*** Data shown ***
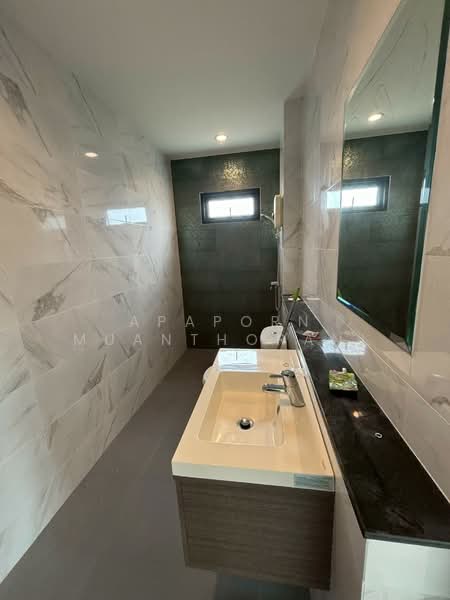 ขายบ้านเดี่ยว หมู่บ้าน มัณฑิตาดีไลท์ นครปฐม, Nakhon Pathom, Phrong Ma Dua, Muang Nakhon Pathom, Nakhon Pathom, 3 Bedrooms, 278 sqm, Single Detached House For Sale, by Apaporn Muanthorani, 500209374 - DDproperty.com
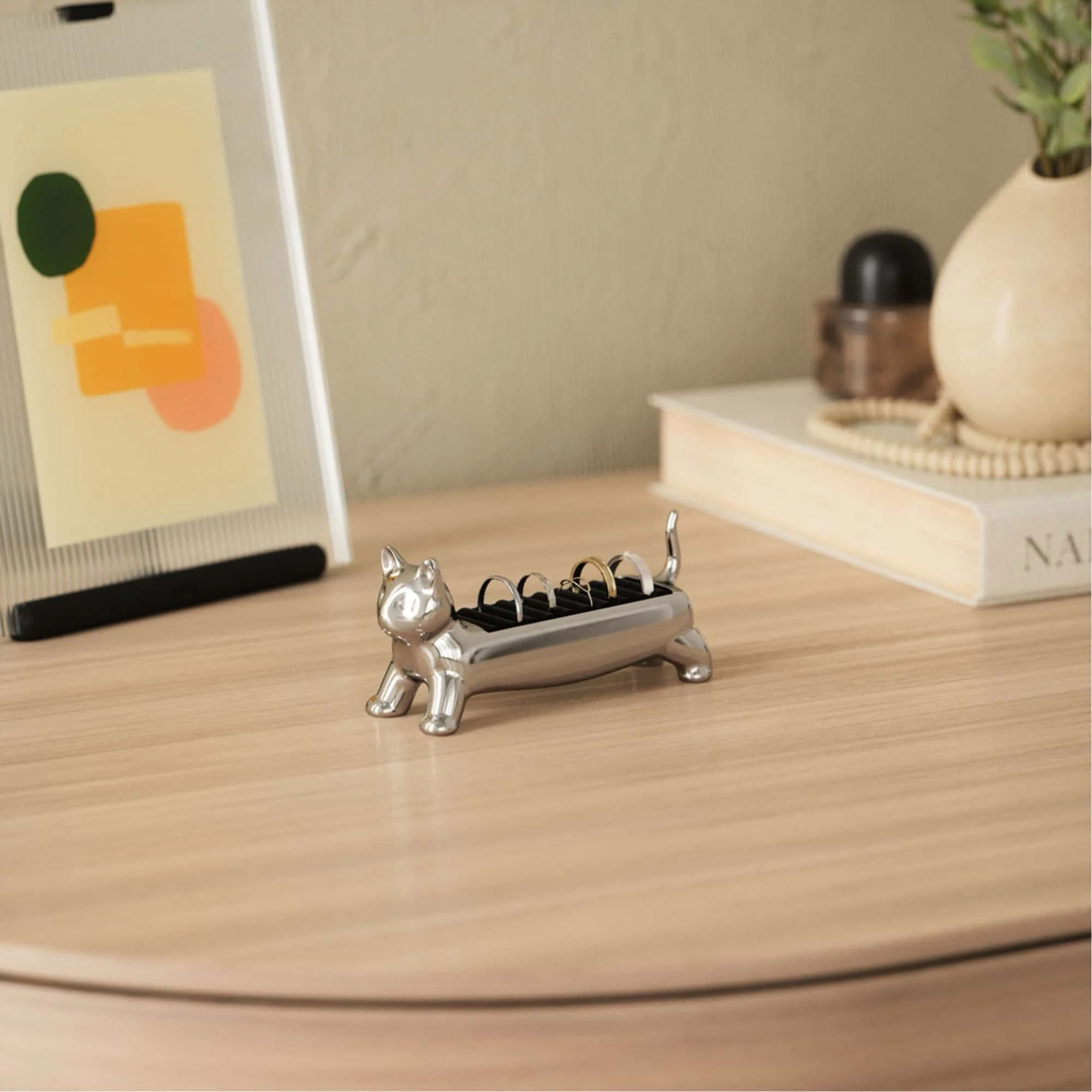 Ali Cat Ring Holder - Image 3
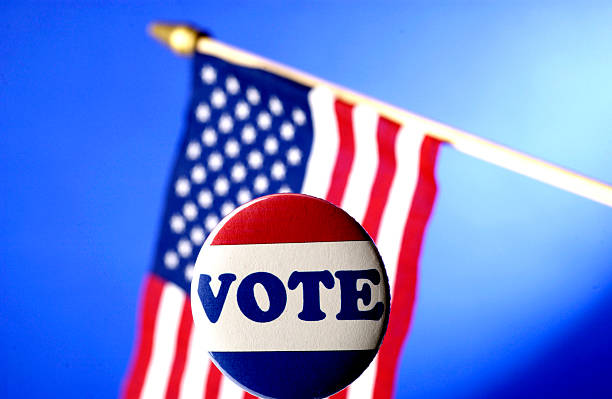 elementi della campagna voto - voting election badge straight pin foto e immagini stock
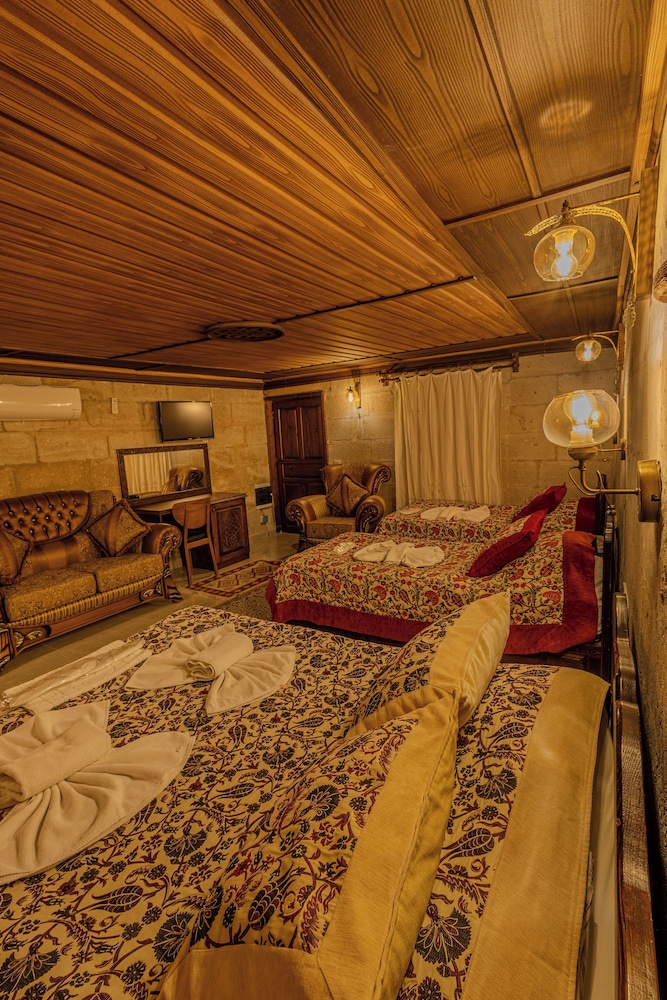 Goreme Valley Cave House 18/50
***
Reproduce, exactly and without pictures, the lines above from the one containing "elementi della campagna" through the last line of the material, both ends included, and nothing more.

 elementi della campagna voto - voting election badge straight pin foto e immagini stock
 Goreme Valley Cave House 18/50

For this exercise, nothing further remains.